The Information Commissioner’s Office (ICO) made its first enforcement notice on July 6, 2018 on AggregateIQ Services, a Canadian company located outside the EU, but still holding and processing the data of UK citizens after GDPR and the Data Protection Act (DPA) 2018 came into force on May, 25 2018. This notice and 64 further enforcement actions by the ICO since GDPR and the DPA went live have gone pretty much unnoticed, leading industry participants to suggest the ICO would not bare its teeth.

These latest notices tell another story and hammer home the need to ensure data privacy and compliance with both GDPR and the DPA. But how best can this be achieved in the financial services industry, which holds enormous amounts of sensitive personal data? We recently caught up with David Gorbet, senior vice president of engineering at MarkLogic, to discuss the ongoing data management challenges of GDPR and their potential solutions.

The challenges of GDPR are well rehearsed and require organisations to fully understand how their client data is being used, where it is stored and who has access to it. From a data management perspective, challenges include the ability to track and trace personal data to prove what it is used for, access and share the data with data subjects in a timely manner, and ensure the ability to erase data across the organisation when a data subject brings the right to be forgotten into play – the whole underpinned by accurate and high quality data.

Gorbet notes the key requirements of GDPR compliance as data, integration and metadata, with metadata of an entity model being used to define what data is subject to GDPR policy and individual records being tracked to assure consent has been given to the use of personal data and adhere to policy.

He says: “The problem found in most database systems is that they use and consume data and relationships, but can’t store metadata for consent, which has to be handled elsewhere.” The MarkLogic data hub, essentially an enterprise NoSQL database platform that is designed to integrate, store, manage, and search huge amounts of data, addresses this problem by integrating all customer data and enriching it with metadata for consent.

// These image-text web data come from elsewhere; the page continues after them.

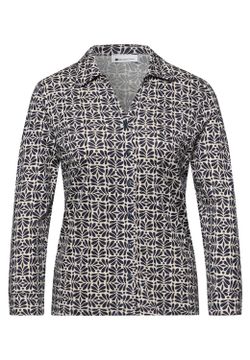 Camisa m/l de punto con estampado vegetal Street One Shadow Blue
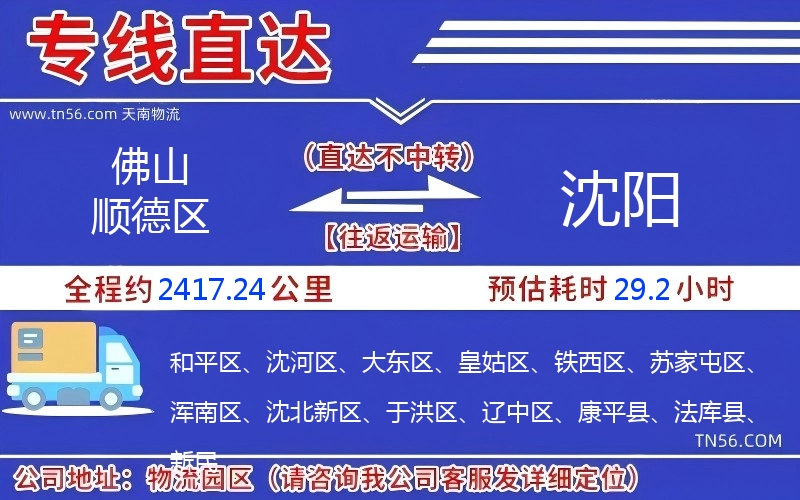 佛山順德區到沈陽物流公司 佛山順德區到沈陽物流公司
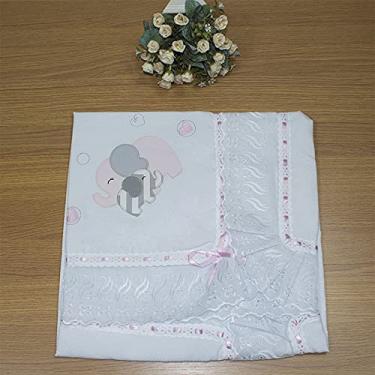 Imagem de Manta Infantil para Bebê com Lasie 100% Algodão - Elefante Chevron Rosa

A recent MarkLogic 360 event included user demonstrations of the platform as a means of achieving GDPR. Airbus, by way of example, described how it has attached metadata to its employee data model to understand the sensitivities of the data from a GDPR perspective. An insurance firm demonstrated how it uses the MarkLogic platform to track data, understand when and how it is transformed, and ensure all systems can see every piece of GDPR related data.

Gorbet comments: “Customers using our data hub and building data integration have a head start. They can leverage their investment to achieve GDPR compliance well and turn cost into benefit.”

Beyond GDPR, Gorbet says the data hub provides value by offering vertical use cases and solving technology problems horizontally. It is being used in capital markets to respond to regulatory reporting on a broad rather than regulation-by-regulation basis. He cites ABN Amro, which initially implemented the data hub for MiFID II compliance and is now using it to support other regulations. Customer 360 is another popular use case.

Coming soon from MarkLogic is a machine learning capability that is designed to make the hub smarter and allow models using data in the hub to be built and executed in real-time based on data coming into the hub. Suggested use cases include fraud prevention, perhaps through the identification of two records of the same person. The company now also offers a hosted version of the data hub.